Help! My boyfriend has the worst habits. He farts and burps all the time, with no shame. He also never brushes his teeth, and often forgets to shower. He also does laundry only once a month—his room is a mess! I’m sorry to say it, but he’s just a really smelly and dirty guy. I never noticed this problem when we first started going out, but now it’s starting to really annoy (and disgust) me! What should I do?
If you haven’t already, you need to speak to your boyfriend about this. It’s unlikely for him to change his habits on his own, but it seems unlikely for your annoyance to go away without any change as well.
The best thing to do in this scenario may be to just be direct. He might feel upset and defensive, but simply let him know that you care about his well-being and personal health. Emphasize that open communication is key to a successful relationship, so you wanted to voice your concerns and hope that he can listen to what you’re saying.
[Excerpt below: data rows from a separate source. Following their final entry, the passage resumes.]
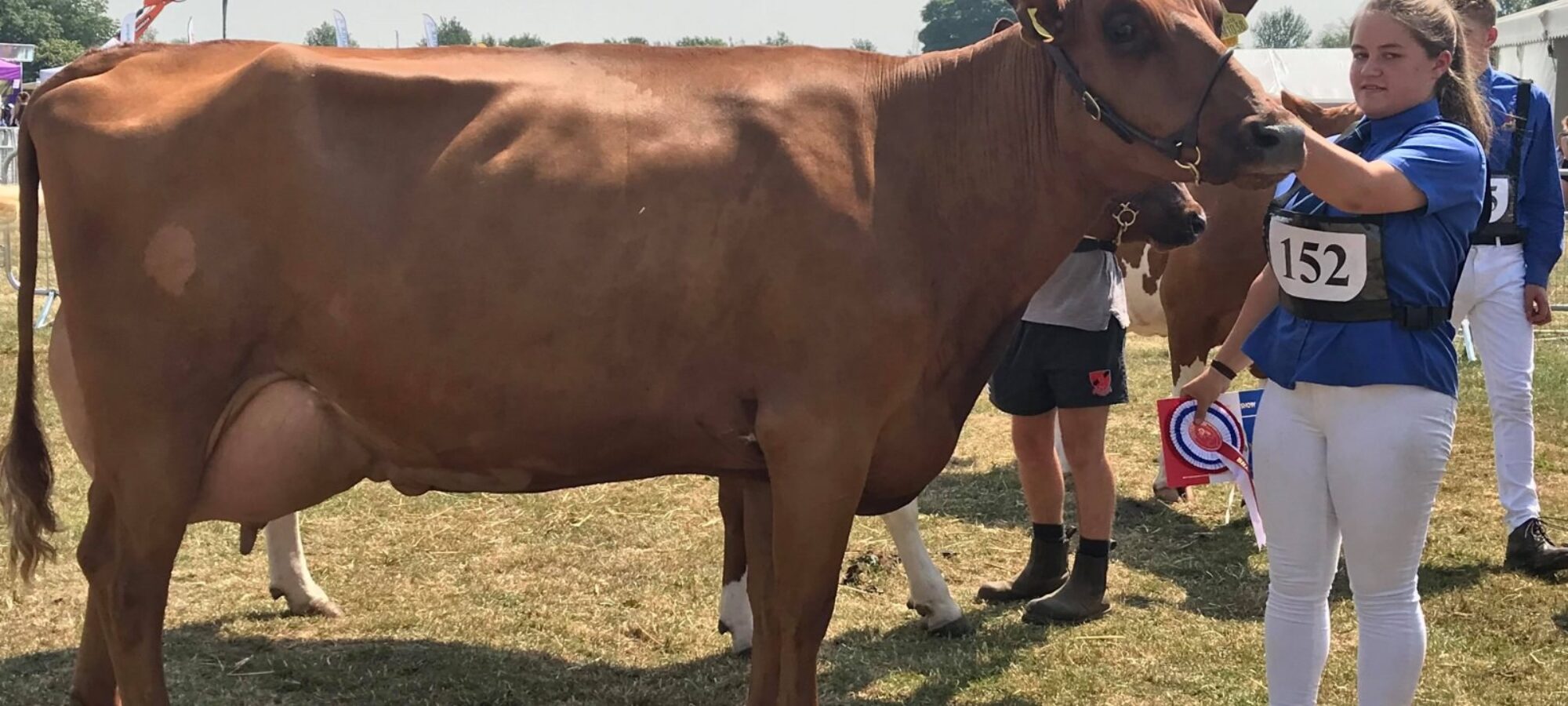 Breed Champion - Pylon Brazil Eurotrack Photo by Debbie Walters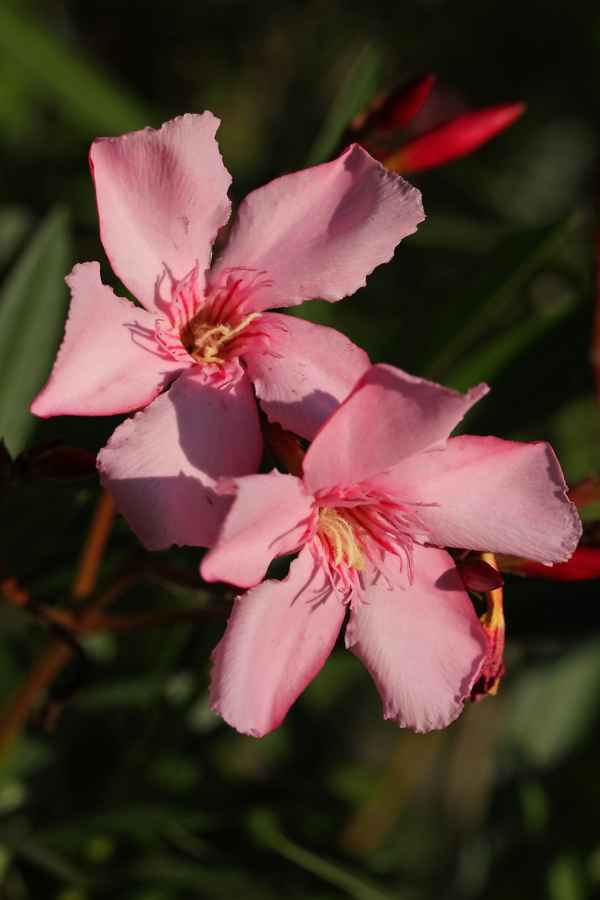 Oleander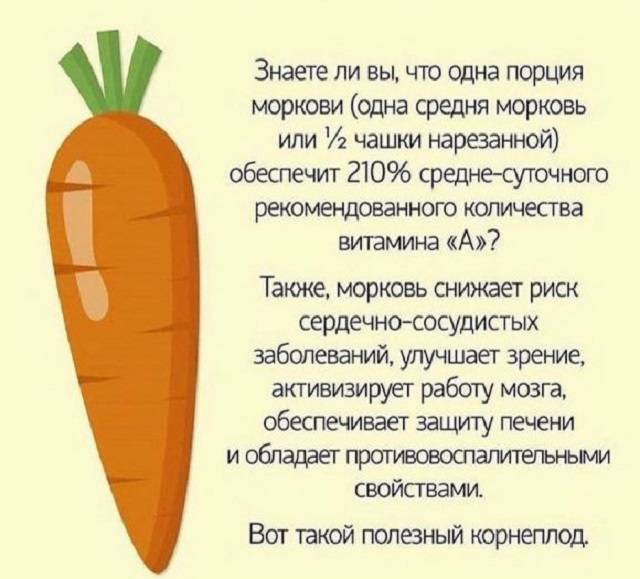 Морковь: польза и вред для организма - химический состав и пищевая ценность, рецепты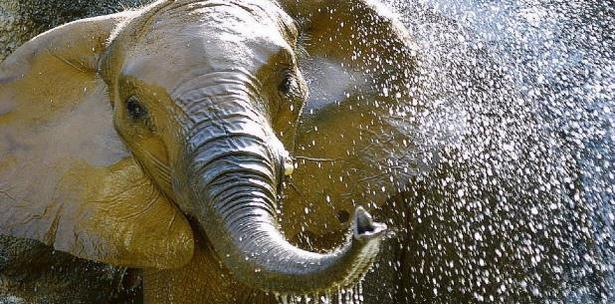 elefante zoologico
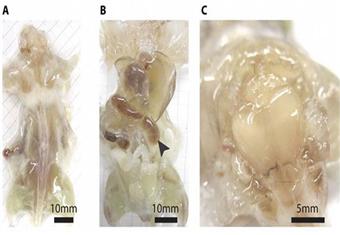 فئران شفافة..لمعرفة أعمق لعمل وظائف الجسم الداخلية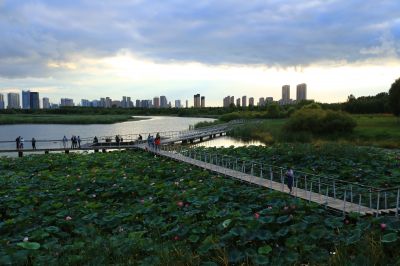 湿地风光
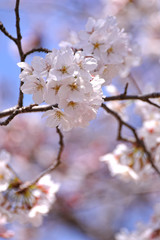 桜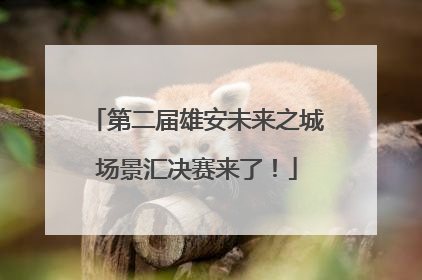第二届雄安未来之城场景汇决赛来了！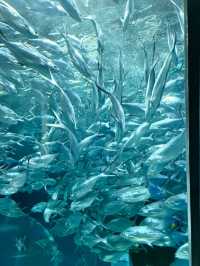 海底星辰，上海海洋水族館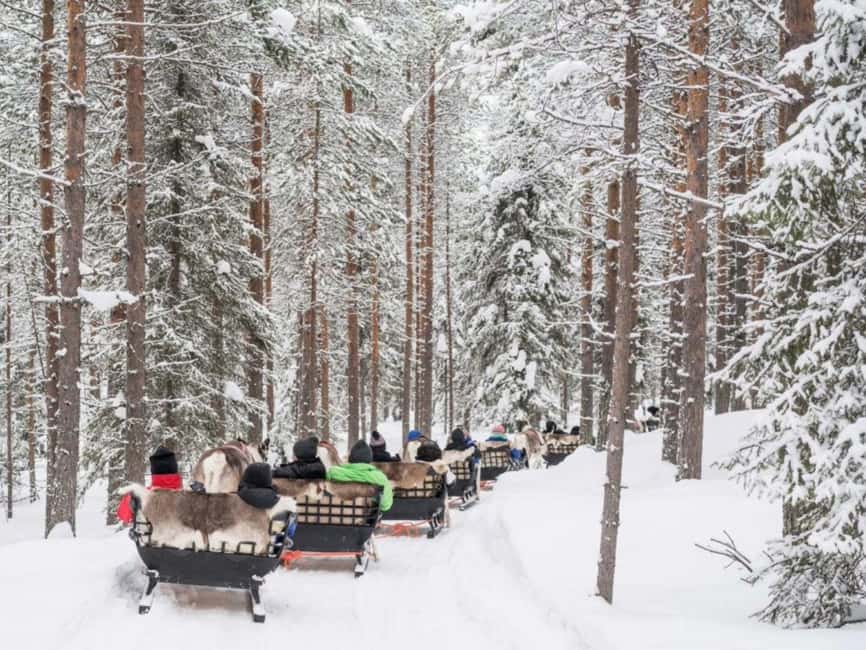 Reindeer Safari at a 200-Year-Old Farm & Long Sled Ride - Timing, Pickup, Group Size, and What the Tour Actually Includes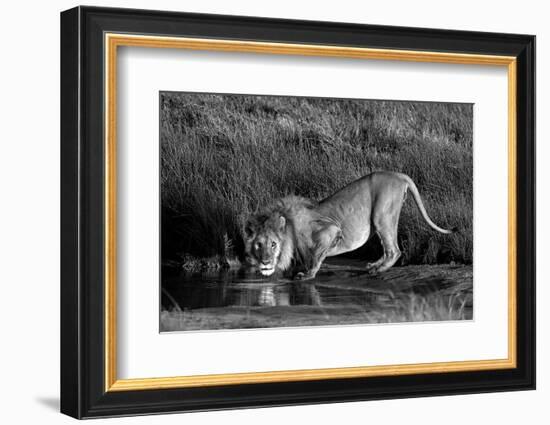 Side profile of a lion drinking water, Ngorongoro Conservation Area, Arusha Region, Tanzania (Pa...-null-Framed Photographic Print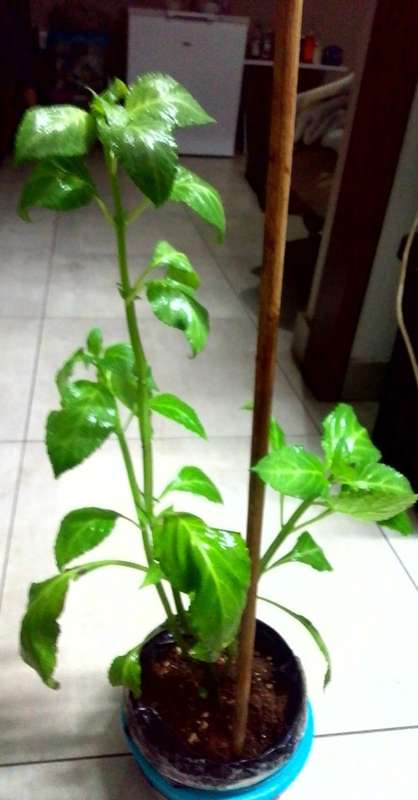 Salvia Divinorum plants and cuttings available.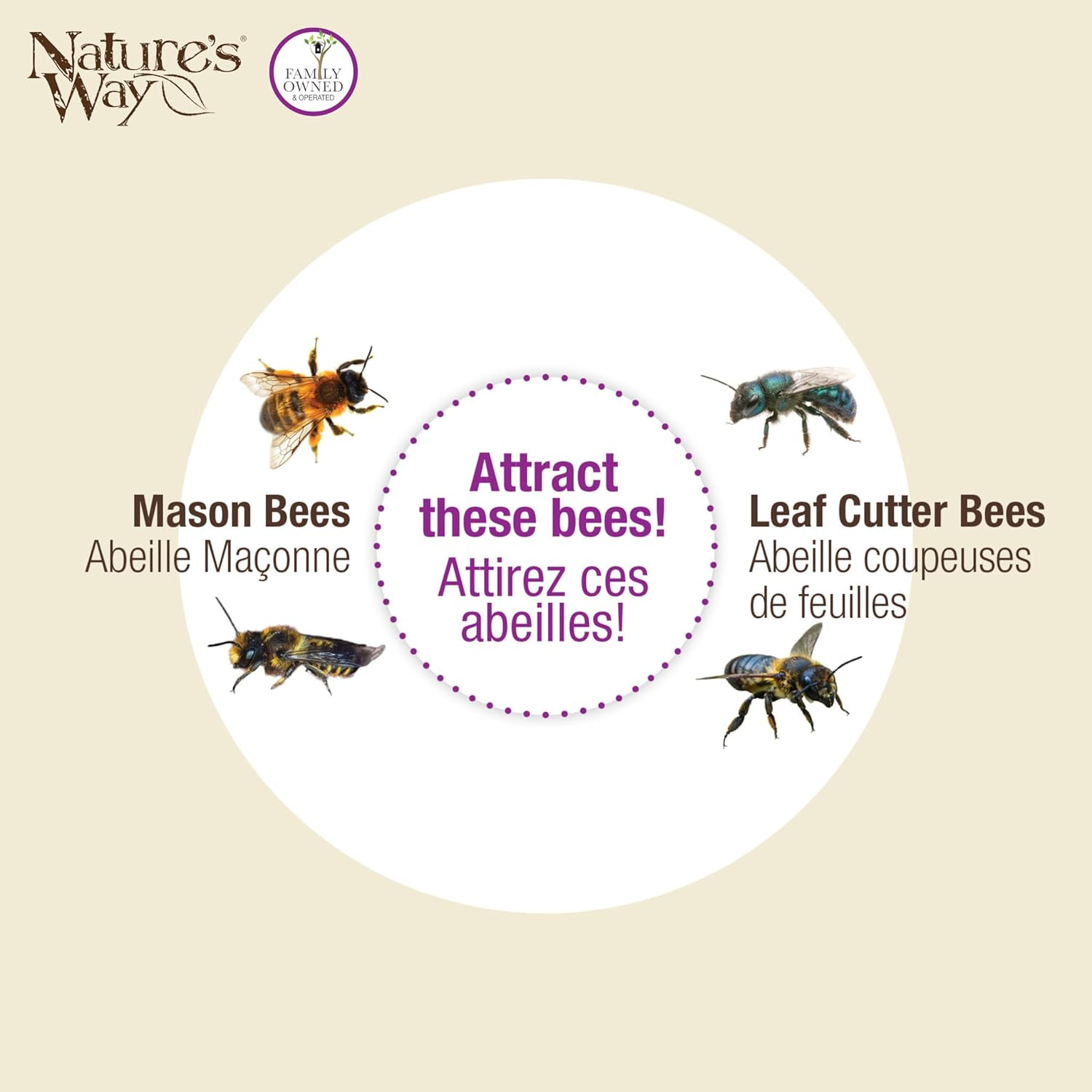 Mason Bee House Pollinator Bee Hotel Garden Solitary Bee Nesting Box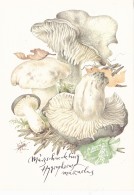 # BV 3207   MUSHROOM,  HYGROPHORUS MARZUOLUS, CHAMPIGNON, POST CARD, POSTAL STATIONERY,  GERMANY - Pilze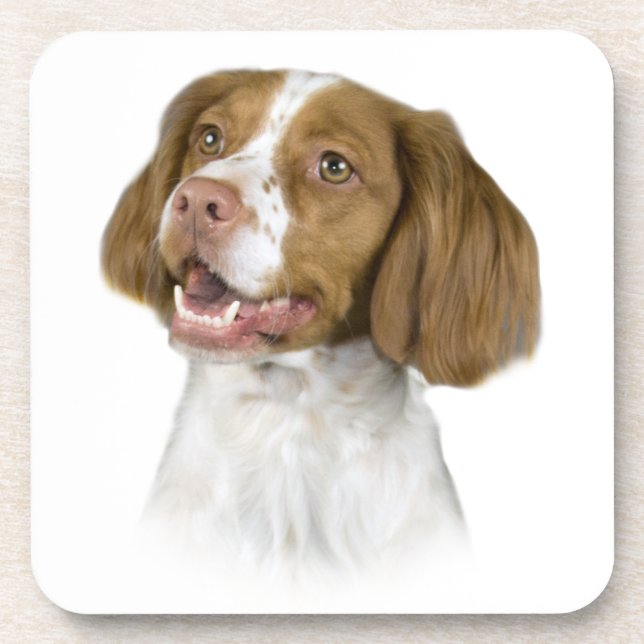 Brittany Coasters (Front)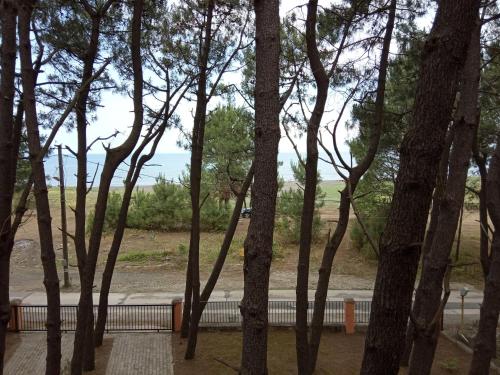 Фотография мини отеля Алик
In the end, it’s his responsibility to take care of his hygiene, not yours. You are, however, responsible for re-evaluating the situation if the problem persists. The average person farts 14 times and burps 5 to 10 times a day, so it may just be unfortunate that you’re there for too many of them. But if your boyfriend just doesn’t seem to care about habits like brushing his teeth or showering, there’s nothing you can do about it. In that case, because you should be with someone who doesn’t disgust or annoy you, you’d be better off with someone more mature.
I recently got out of a relationship. My ex and I both thought our relationship was not moving forward, but was instead turning more into a friendship. I think one factor that played a part in this was him being a person who keeps a lot to himself. I like to respect the space of an individual, so how do I get an introverted guy to open up to me?
Sometimes, getting a shy guy to open up to you is as simple as opening up yourself. Share your experiences or thoughts on a subject , and, if he doesn’t immediately respond, directly ask if he has similar (or opposing!) stories or opinions. Just be sure that you’re not using an aggressive tone or calling him out on being shy—he probably is already aware of that, and pointing his shyness out will lead to embarrassment that would further discourage sharing.
You can also introduce opportunities for him to open up indirectly. Next time you are both watching a movie, for example, ask him what he thinks of a character’s motivation. Discussing fictional characters may feel less risky than discussing his own personal perspectives, and you may be surprised to discover his own insight through his interpretation of these characters.
The important thing is to recognize and accept a shy guy for who he is—be encouraging and responsive to each small effort, but know that you may not be able to change someone who is simply not ready to change.